Law enforcement officials across Orange County began adjusting to new search limits on Wednesday, hours after the U.S. Supreme Court ruled officers need warrants to look through the cellphones of people they arrest.
Until Wednesday, the court’s long-standing view was that police were free to search someone who was stopped on the street or in his car and put under arrest. Known as the search incident to arrest rule, officers could check a suspect’s pockets and examine his possessions, including a wallet, purse and pockets with the intention of allowing police to protect themselves by finding weapons. However, police were also free to collect other evidence within this search.

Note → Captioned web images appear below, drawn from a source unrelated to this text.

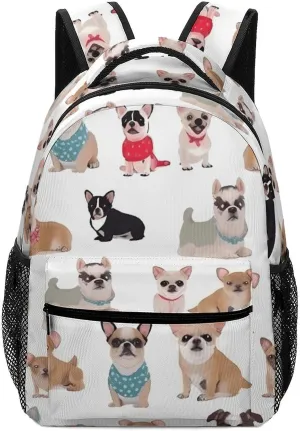 Stylish Backpack, Cute Chihuahua Pug Pattern Print Durable Backpack Travel Backpack Hiking Backpack Ergonomic Backpack Comfortable Backpack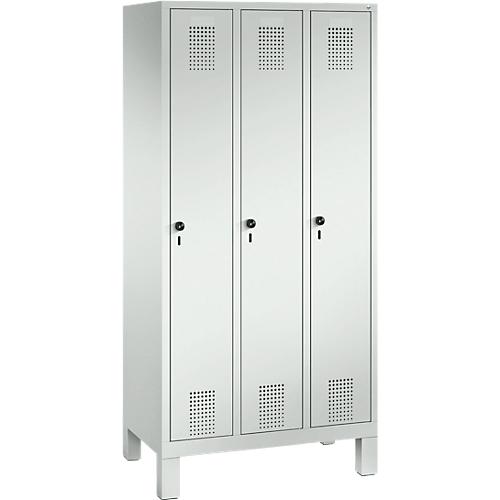 Garderobenspind Evolo S 3000, Stahl, 3 Abteile, Sicherheitsdrehriegelverschluss, lichtgrau RAL 7035/lichtgrau RAL 7035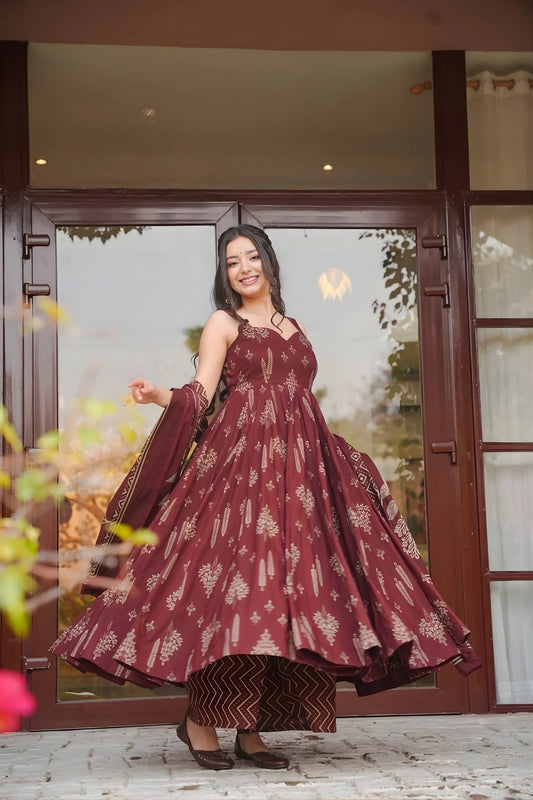 Stunning Maroon Muslin Digital Floral Printed Anarkali Salwar Suit with Dupatta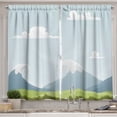 thumbnail image 1 of Ambesonne Cloud Kitchen Curtains, Cartoon Mountains Idyllic, 55"x39", Bluegrey Green Pale Blue, 1 of 3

The Surpreme Court ruled unanimously Wednesday in Riley v. California, that police may not search a smartphone or similar device without a warrant from a judge. This decision is likely to put a significant check on the government’s ability to search electronic devices such as phones, laptops, and tablets, limiting the government’s ability to search through intimate details of our private lives.
Supreme Court Chief Justice John G. Roberts Jr. was quoted as saying that because digital devices have transformed how people live, they must also transform the law on privacy. “Modern cellphones are not just another technological device,” he said. “With all they contain and all they may reveal, they hold for many Americans the ‘privacies of life.’” Supreme Court Chief Justice John G. Roberts Jr.
The Supreme Court decision on cell phone searches suggests an evolution within the Court that recognizes the way advances in technology have changed the Fourth Amendment. This ruling has set case law that a cell phone is not an object anymore but a carrier of information to which a person has a reasonable expectation of privacy.